We're Moving!

The Vertica Forum is moving to a new OpenText Analytics Database (Vertica) Community.

Join us there to post discussion topics, learn about

product releases, share tips, access the blog, and much more.

Create My New Community Account Now


Are there sql commands to pivot data? — Vertica Forum

Are there sql commands to pivot data?

Comments

  • I prefer an implementation like the one below if possible: 
    http://www.postgresql.org/docs/9.1/static/tablefunc.html



  • Hi!

    You can try to open a feature request. Post under topic IDEAS

    Regards
  • Hm... took a look on tablefunc... its not so hard to implement it with UDF. Just for fun I implemented an easiest function -  normal_rand(numrows, mean, stddev)

    Example
    dev=> select * from user_functions where function_name ilike '%normal%';
    -[ RECORD 1 ]----------+-----------------------------------------------------
    schema_name | public
    function_name | normal_rand
    procedure_type | User Defined Transform
    function_return_type | Float
    function_argument_type |
    function_definition | Class 'NormRandFactory' in Library 'public.Gaussian'
    volatility |
    is_strict | f
    is_fenced | t
    comment |


    dev=> select normal_rand(USING PARAMETERS rows=3, mean=3.3, stddev=6.3) over (PARTITION AUTO);
    RAND_VALUE
    -------------------
    2.53161555990794
    -3.54695367884655
    7.6110266459183
    (3 rows)

    Bench
    dev=> \! lscpu | grep -P '(^CPU.s.)|(MHz)'
    CPU(s): 8
    CPU MHz: 1200.000
    dev=> \o /dev/null
    dev=> \timing
    Timing is on.


    1MIL rows:
    dev=> select normal_rand(USING PARAMETERS rows=1000000, mean=3.3, stddev=6.3) over (PARTITION AUTO);
    Time: First fetch (1000 rows): 72.207 ms. All rows formatted: 1405.582 ms
    2,5MIL rows:
    dev=> select normal_rand(USING PARAMETERS rows=2500000, mean=3.3, stddev=6.3) over (PARTITION AUTO);
    Time: First fetch (1000 rows): 68.825 ms. All rows formatted: 3521.669 ms
    5MIL rows:
    dev=> select normal_rand(USING PARAMETERS rows=5000000, mean=3.3, stddev=6.3) over (PARTITION AUTO);
    Time: First fetch (1000 rows): 72.705 ms. All rows formatted: 7135.159 ms
    Nice linear scalability
    +=========+========+
    | ROWS | TIME(s)|
    +=========+========+
    | 1000000 | 1.4 |
    | 2500000 | 3.5 |
    | 5000000 | 7.1 |
    +---------+--------+
    I can share a code if you are interesting in this function. May be (also just for fun) I will implement others functions too. Can you tell me witch function is more important for you? And I will start from this function.

    best
  • Great !  !

    crosstab !

    see you soon :-  )

  • Hi!


    I will try, but syntax will be differ from PG implementation.
    I will update you in any case - success or failed.


    Regards.
  • As I got to say, it would be important for people like me who uses the database as a data source for simulations and statistical models of machine learning, have a function that creates horizontal metrics that were calculated, I thank you and I appreciate your help, I hope also that hp-vertica may notice your work and adopt it as soon as helping you develop it.
  • Hi!

    I failed. I will explain where I failed.
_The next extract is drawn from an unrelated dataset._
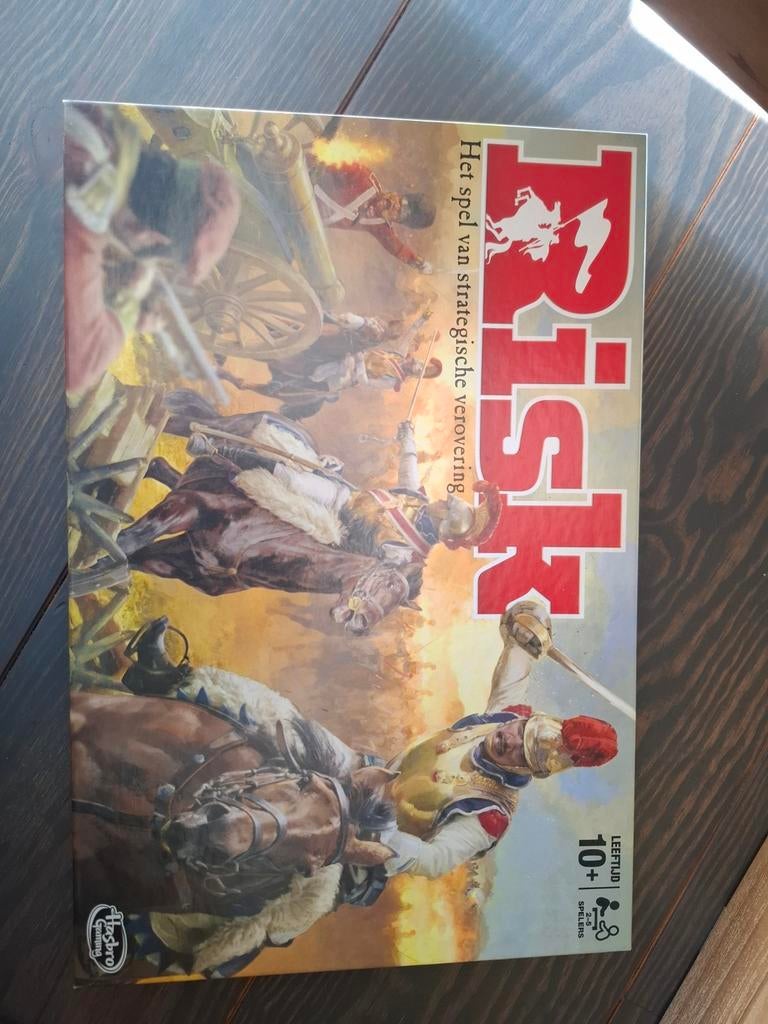 Risk Bordspel - Strategisch Wereldveroveringsspel, Vijf spelers of meer, Ophalen of Verzenden, Zo goed als nieuw, Hasbro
    Implementation of PIVOT require:
    • table data
    • cardinality of PIVOT'ed column (its dynamic and mutable and its a problem)
    The only way I can implement it - via external procedures or UDF.
    Unfortunately UDF is out of scope:
    • Vertica will try to parallelize UDF
    • I need to know a cardinality of pivoted data. I need it to define a pivoted table columns. Of cause I can use in ODBC/JDBC and create a Flex table and so columns will be dynamic, but Vertica will parallelize it and you will get a garbage.
    How I see it with EP?
    vsql=> select pivot(src_table=<Table>, dest_table=<Table>, pivot_column=<column>);
    where
    • src_table - an original data for pivoting
    • pivot_column -  pivoted column
    • dest_table - EP will insert results to this table
    Or suggest your syntax(but take in mind - I must know how many columns will be in a new table and so I have to query a pivoted column for cardinality)


    @massimo
    Will you accept solution with EP?

    PS
    The main problem - is cardinality of pivoted column. I can limit query execution on one node only, but I can't create table with dynamic columns.
  • Gaussian Distribution source code:
    http://pastebin.com/gDPcQTE5

    Compile:
    g++ -std=c++11 -D HAVE_LONG_INT_64  -I /opt/vertica/sdk/include -Wall -shared -Wno-unused-value -fPIC -o Gaussian.so NormalDistribution.cpp /opt/vertica/sdk/include/Vertica.cpp
    Deploy:
    CREATE LIBRARY Gaussian AS '/tmp/Gaussian.so';
    CREATE TRANSFORM FUNCTION normal_rand AS LANGUAGE 'C++' NAME 'NormalDistributionFactory' LIBRARY Gaussian;
    Regards.
  • Hello  Genius !,  " id10t " it seems not appropriate to you,
    do you think this could be a possible solution (from oracle 11g) ?

    select * from( select deptno, job, sal from emp ) e 

    pivot(   sum (sal )  for job in ( 'CLERK', 'SALESMAN', 'MANAGER', 'ANALYST', 'PRESIDENT' ) )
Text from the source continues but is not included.